Return the records in full, with every character preserved.

-- RECORDS SUPPLIED follows --

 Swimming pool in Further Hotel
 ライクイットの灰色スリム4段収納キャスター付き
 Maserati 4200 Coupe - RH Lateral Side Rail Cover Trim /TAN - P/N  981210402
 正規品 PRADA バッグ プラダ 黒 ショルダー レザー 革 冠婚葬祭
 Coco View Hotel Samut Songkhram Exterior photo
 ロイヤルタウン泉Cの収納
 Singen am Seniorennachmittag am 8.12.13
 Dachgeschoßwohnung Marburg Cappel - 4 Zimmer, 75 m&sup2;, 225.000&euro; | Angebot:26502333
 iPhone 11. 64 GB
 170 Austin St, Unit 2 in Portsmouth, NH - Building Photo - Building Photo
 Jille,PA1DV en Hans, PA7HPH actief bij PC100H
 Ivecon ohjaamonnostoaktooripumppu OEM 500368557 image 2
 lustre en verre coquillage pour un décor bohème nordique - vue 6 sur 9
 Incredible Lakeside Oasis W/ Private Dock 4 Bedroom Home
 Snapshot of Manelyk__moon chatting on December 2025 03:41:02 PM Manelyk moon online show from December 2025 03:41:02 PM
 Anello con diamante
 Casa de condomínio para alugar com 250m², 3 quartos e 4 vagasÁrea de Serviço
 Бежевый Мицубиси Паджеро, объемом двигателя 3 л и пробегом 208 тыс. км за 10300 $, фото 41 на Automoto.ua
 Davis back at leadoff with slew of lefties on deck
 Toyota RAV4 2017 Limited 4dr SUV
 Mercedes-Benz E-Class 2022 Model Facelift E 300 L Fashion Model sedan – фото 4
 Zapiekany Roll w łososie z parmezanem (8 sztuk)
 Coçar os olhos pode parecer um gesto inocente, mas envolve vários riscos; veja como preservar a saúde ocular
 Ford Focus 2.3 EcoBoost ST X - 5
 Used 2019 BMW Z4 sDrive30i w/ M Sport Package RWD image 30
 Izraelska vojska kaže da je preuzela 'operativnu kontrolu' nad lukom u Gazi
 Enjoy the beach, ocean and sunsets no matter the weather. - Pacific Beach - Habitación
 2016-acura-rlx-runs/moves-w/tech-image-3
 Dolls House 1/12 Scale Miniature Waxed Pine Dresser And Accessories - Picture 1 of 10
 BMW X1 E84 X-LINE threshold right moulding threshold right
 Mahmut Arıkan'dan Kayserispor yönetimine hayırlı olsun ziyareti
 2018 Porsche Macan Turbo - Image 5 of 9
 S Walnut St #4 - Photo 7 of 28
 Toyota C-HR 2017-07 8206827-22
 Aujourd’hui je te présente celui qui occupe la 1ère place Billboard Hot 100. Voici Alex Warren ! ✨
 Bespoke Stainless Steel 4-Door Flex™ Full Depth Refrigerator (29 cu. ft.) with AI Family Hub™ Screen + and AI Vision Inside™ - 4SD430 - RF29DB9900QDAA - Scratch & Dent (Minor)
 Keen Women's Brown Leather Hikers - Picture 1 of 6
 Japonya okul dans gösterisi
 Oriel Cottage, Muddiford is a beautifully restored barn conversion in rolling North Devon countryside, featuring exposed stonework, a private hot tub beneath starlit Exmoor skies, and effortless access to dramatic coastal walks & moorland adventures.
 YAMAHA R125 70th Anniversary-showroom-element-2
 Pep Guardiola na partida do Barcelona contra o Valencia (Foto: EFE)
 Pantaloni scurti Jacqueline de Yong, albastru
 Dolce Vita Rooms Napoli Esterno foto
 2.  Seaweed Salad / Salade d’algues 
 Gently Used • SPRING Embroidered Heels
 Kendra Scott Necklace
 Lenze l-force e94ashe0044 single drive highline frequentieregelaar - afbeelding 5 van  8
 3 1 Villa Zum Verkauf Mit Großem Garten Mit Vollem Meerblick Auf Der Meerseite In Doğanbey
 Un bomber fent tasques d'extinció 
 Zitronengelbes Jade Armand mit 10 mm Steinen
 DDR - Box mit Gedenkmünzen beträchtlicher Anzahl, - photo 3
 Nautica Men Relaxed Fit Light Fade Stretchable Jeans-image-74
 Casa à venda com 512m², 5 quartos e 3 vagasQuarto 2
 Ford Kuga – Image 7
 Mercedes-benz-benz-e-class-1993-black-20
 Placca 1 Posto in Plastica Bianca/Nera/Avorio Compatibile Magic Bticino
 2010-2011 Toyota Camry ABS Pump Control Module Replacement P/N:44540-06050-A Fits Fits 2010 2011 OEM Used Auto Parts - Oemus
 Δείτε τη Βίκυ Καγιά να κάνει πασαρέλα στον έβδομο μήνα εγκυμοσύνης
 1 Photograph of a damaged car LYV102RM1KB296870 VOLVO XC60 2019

-- RECORDS SUPPLIED concluded --

SOLVED PROBLEM =
 Swimming pool in Further Hotel
 ライクイットの灰色スリム4段収納キャスター付き
 Maserati 4200 Coupe - RH Lateral Side Rail Cover Trim /TAN - P/N  981210402
 正規品 PRADA バッグ プラダ 黒 ショルダー レザー 革 冠婚葬祭
 Coco View Hotel Samut Songkhram Exterior photo
 ロイヤルタウン泉Cの収納
 Singen am Seniorennachmittag am 8.12.13
 Dachgeschoßwohnung Marburg Cappel - 4 Zimmer, 75 m&sup2;, 225.000&euro; | Angebot:26502333
 iPhone 11. 64 GB
 170 Austin St, Unit 2 in Portsmouth, NH - Building Photo - Building Photo
 Jille,PA1DV en Hans, PA7HPH actief bij PC100H
 Ivecon ohjaamonnostoaktooripumppu OEM 500368557 image 2
 lustre en verre coquillage pour un décor bohème nordique - vue 6 sur 9
 Incredible Lakeside Oasis W/ Private Dock 4 Bedroom Home
 Snapshot of Manelyk__moon chatting on December 2025 03:41:02 PM Manelyk moon online show from December 2025 03:41:02 PM
 Anello con diamante
 Casa de condomínio para alugar com 250m², 3 quartos e 4 vagasÁrea de Serviço
 Бежевый Мицубиси Паджеро, объемом двигателя 3 л и пробегом 208 тыс. км за 10300 $, фото 41 на Automoto.ua
 Davis back at leadoff with slew of lefties on deck
 Toyota RAV4 2017 Limited 4dr SUV
 Mercedes-Benz E-Class 2022 Model Facelift E 300 L Fashion Model sedan – фото 4
 Zapiekany Roll w łososie z parmezanem (8 sztuk)
 Coçar os olhos pode parecer um gesto inocente, mas envolve vários riscos; veja como preservar a saúde ocular
 Ford Focus 2.3 EcoBoost ST X - 5
 Used 2019 BMW Z4 sDrive30i w/ M Sport Package RWD image 30
 Izraelska vojska kaže da je preuzela 'operativnu kontrolu' nad lukom u Gazi
 Enjoy the beach, ocean and sunsets no matter the weather. - Pacific Beach - Habitación
 2016-acura-rlx-runs/moves-w/tech-image-3
 Dolls House 1/12 Scale Miniature Waxed Pine Dresser And Accessories - Picture 1 of 10
 BMW X1 E84 X-LINE threshold right moulding threshold right
 Mahmut Arıkan'dan Kayserispor yönetimine hayırlı olsun ziyareti
 2018 Porsche Macan Turbo - Image 5 of 9
 S Walnut St #4 - Photo 7 of 28
 Toyota C-HR 2017-07 8206827-22
 Aujourd’hui je te présente celui qui occupe la 1ère place Billboard Hot 100. Voici Alex Warren ! ✨
 Bespoke Stainless Steel 4-Door Flex™ Full Depth Refrigerator (29 cu. ft.) with AI Family Hub™ Screen + and AI Vision Inside™ - 4SD430 - RF29DB9900QDAA - Scratch & Dent (Minor)
 Keen Women's Brown Leather Hikers - Picture 1 of 6
 Japonya okul dans gösterisi
 Oriel Cottage, Muddiford is a beautifully restored barn conversion in rolling North Devon countryside, featuring exposed stonework, a private hot tub beneath starlit Exmoor skies, and effortless access to dramatic coastal walks & moorland adventures.
 YAMAHA R125 70th Anniversary-showroom-element-2
 Pep Guardiola na partida do Barcelona contra o Valencia (Foto: EFE)
 Pantaloni scurti Jacqueline de Yong, albastru
 Dolce Vita Rooms Napoli Esterno foto
 2.  Seaweed Salad / Salade d’algues 
 Gently Used • SPRING Embroidered Heels
 Kendra Scott Necklace
 Lenze l-force e94ashe0044 single drive highline frequentieregelaar - afbeelding 5 van  8
 3 1 Villa Zum Verkauf Mit Großem Garten Mit Vollem Meerblick Auf Der Meerseite In Doğanbey
 Un bomber fent tasques d'extinció 
 Zitronengelbes Jade Armand mit 10 mm Steinen
 DDR - Box mit Gedenkmünzen beträchtlicher Anzahl, - photo 3
 Nautica Men Relaxed Fit Light Fade Stretchable Jeans-image-74
 Casa à venda com 512m², 5 quartos e 3 vagasQuarto 2
 Ford Kuga – Image 7
 Mercedes-benz-benz-e-class-1993-black-20
 Placca 1 Posto in Plastica Bianca/Nera/Avorio Compatibile Magic Bticino
 2010-2011 Toyota Camry ABS Pump Control Module Replacement P/N:44540-06050-A Fits Fits 2010 2011 OEM Used Auto Parts - Oemus
 Δείτε τη Βίκυ Καγιά να κάνει πασαρέλα στον έβδομο μήνα εγκυμοσύνης
 1 Photograph of a damaged car LYV102RM1KB296870 VOLVO XC60 2019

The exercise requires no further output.